Personal information
- Full name: Madison Sarah Elwell
- Date of birth: September 6, 1999 (age 26)
- Place of birth: Ambler, Pennsylvania
- Height: 5 ft 9 in (1.75 m)
- Position: Midfielder

College career
- Years: Team / Apps / (Gls)
- 2017–2021: Vanderbilt Commodores / 97 / (12)

Senior career*
- Years: Team / Apps / (Gls)
- 2022–2023: Washington Spirit / 14 / (1)

= Maddie Elwell =

American soccer player (born 1999)

Madison Sarah Elwell is an American former professional soccer player. She played college soccer for the Vanderbilt Commodores before selected by the Washington Spirit in the 2022 NWSL Draft.

== College career ==

A native of Ambler, Pennsylvania, Elwell attended Vanderbilt University from 2017 to 2022 before being drafted by the Washington Spirit.
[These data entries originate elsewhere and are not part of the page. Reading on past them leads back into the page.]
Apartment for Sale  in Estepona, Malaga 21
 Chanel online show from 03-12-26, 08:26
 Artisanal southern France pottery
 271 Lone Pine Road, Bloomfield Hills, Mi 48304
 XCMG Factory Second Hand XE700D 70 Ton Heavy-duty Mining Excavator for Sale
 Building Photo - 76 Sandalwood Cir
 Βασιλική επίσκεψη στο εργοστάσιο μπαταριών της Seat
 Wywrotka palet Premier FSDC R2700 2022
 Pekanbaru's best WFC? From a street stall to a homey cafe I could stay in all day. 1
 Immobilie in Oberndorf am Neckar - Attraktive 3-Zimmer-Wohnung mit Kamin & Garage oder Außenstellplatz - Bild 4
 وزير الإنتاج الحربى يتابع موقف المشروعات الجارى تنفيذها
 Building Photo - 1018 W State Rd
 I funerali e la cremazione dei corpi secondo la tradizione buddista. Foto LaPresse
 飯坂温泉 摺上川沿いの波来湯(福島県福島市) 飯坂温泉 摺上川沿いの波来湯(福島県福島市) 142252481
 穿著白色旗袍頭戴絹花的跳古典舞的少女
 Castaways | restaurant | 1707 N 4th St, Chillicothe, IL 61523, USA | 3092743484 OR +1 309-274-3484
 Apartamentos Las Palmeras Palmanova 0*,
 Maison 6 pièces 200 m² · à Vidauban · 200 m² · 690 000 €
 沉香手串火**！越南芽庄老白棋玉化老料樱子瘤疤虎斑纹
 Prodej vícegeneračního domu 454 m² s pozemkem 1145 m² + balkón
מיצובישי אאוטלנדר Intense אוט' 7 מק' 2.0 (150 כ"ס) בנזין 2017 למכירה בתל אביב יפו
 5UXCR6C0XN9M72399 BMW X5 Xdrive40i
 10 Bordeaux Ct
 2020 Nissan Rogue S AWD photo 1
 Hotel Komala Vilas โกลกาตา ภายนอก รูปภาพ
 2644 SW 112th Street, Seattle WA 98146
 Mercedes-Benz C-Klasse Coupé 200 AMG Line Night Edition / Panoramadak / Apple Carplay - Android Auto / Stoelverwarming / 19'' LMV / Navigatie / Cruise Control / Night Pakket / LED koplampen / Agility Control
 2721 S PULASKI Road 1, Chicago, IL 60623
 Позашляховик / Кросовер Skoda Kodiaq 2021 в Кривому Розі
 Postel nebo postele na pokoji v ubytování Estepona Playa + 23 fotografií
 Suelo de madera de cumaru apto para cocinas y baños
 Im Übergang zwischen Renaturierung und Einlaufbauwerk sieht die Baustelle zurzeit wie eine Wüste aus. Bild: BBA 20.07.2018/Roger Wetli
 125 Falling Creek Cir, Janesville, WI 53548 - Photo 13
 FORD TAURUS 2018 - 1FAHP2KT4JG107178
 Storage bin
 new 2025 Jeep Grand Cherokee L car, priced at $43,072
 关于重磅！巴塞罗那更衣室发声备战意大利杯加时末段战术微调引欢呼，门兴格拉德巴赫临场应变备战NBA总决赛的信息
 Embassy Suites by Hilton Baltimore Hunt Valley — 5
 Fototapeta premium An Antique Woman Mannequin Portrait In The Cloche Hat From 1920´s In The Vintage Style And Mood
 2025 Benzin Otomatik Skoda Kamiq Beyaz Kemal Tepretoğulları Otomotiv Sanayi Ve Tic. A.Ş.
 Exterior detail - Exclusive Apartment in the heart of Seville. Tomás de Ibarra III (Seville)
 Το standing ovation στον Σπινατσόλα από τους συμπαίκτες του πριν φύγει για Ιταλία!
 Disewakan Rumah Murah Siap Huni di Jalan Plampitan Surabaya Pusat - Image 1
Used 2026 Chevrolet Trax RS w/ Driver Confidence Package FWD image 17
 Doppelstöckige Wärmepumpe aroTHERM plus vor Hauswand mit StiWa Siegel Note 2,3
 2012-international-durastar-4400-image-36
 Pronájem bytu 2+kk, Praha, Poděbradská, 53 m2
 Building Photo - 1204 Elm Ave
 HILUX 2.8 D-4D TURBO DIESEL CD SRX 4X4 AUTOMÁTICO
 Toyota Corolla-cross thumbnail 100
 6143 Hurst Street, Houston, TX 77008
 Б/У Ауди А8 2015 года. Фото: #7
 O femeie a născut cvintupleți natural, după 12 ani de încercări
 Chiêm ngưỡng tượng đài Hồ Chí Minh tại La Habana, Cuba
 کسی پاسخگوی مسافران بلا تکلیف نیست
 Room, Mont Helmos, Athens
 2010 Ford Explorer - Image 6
While at Vanderbilt, Elwell scored 12 goals and notched 29 assists during her five seasons. She earned Second Team All-SEC honors in her final three seasons at Vanderbilt.

== Club career ==
Elwell was drafted with the 15th overall pick by the Washington Spirit in the 2022 NWSL Draft. During the 2022 season, she appeared in 10 matches and played for 300 minutes. On June 17, 2022, Elwell scored her first NWSL goal against Racing Louisville.On November 20, 2023, Elwell was waived by the Spirit.